Locale parser with fparsec

Localizing an application consists of extracting out user directed text and managing it outside of hardcoded strings in your code. This lets you tweak strings without having to recompile, and if done properly, allows you to support multiple languages. Localizing is no easy task, it messes up spacing, formatting, name/date other cultural information, but thats a separate issue. The crux of localizing is text.

But, who just uses bare text to display things to the user? Usually you want to have text be a little dynamic. Something like

Hello {user}! Welcome!

Here, user will be some sort of dynamic property. To support this, your locale files need a way to handle arguments.

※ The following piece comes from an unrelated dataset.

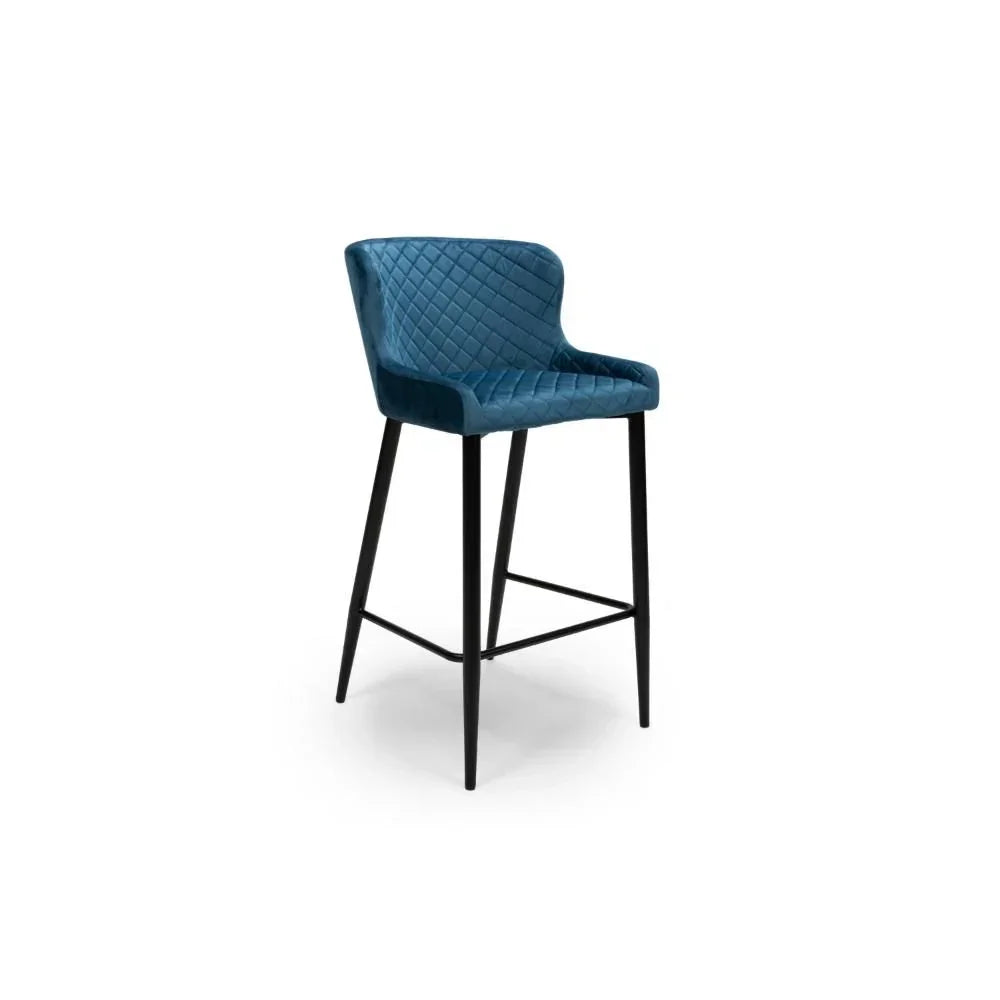 Blue velvet bar stool with quilted backrest and black metal legs on white background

One way of storing contents in a locale file is like this:

ExampleText = Some Text {argName:argType} other text etc
            = This is on a seperate newline
UserLoginText = ... 

This consists of an identifier, followed by an equals sign, followed by some text with arguments of the form {x:y}. To make a new line you have a new line with an equals sign and you continue your text. When you reach a string with an identifier, you have a new locale element.

But you can also have comments, like

# this is a comment, ignore me!

And to throw a monkey wrench in the problem, you can also have arguments with no types, of the form {argName}.

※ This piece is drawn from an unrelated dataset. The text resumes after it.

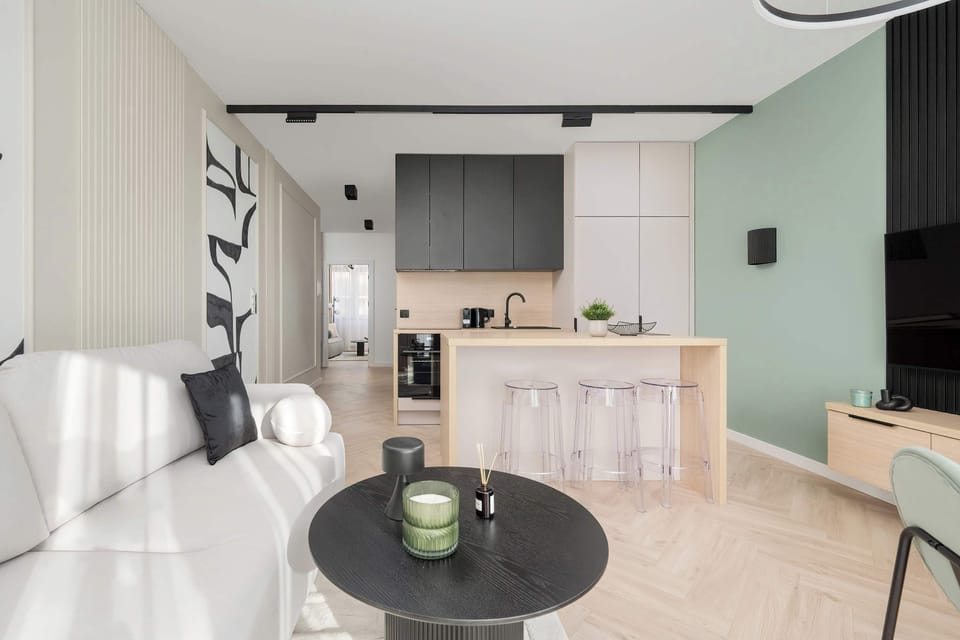 A combined kitchen and dining area with wooden flooring, a round dining table, and stylish lighting.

The end goal, is to be able to reference your locale contents in code, something like

Locale.ExampleText ("foo");

But to get to the point where you can reference this you need to translate your locale files into something workable, kind of like a syntax tree. If you have a working syntax tree of your locale files you can generate strongly typed locale code for you to use in your application.

The data

To parse a locale file of this format I used fparsec. One reason was that it already handles lookaheads and backtracking, and another reason is that I wanted to play with it :)

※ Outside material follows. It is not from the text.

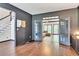 Stylish room showcasing hardwood floors, French doors, gray walls, dark trim, and designer touches at 2260 Cobble Creek Ln, Grayson, GA 30017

Going with a data first design, I thought about what I wanted to my final output to be and came up with 3 discriminated unions that look like this:

type Arg = 
    | WithType of string * string
    | NoType of string

type LocaleContents = 
    | Argument of Arg
    | Text of string
    | Line of LocaleContents list
    | Comment of string
    | NewLine

type Locale =
    | Entry of string * LocaleContents
    | IgnoreEntry of LocaleContents

Utilities

The next step was to build out some common utilities that I can use. I knew I’d need to be able to parse a phrase, a single word, and know when things are between brackets:

(*
    Utilities
*)

let brackets = isAnyOf ['{';'}']
    
 (* non new line space *)  
let regSpace = manySatisfy (isAnyOf [' ';'\t'])
  
(* any string literal that is charcaters *)
let phrase = many1Chars (satisfy (isNoneOf ['{';'\n']))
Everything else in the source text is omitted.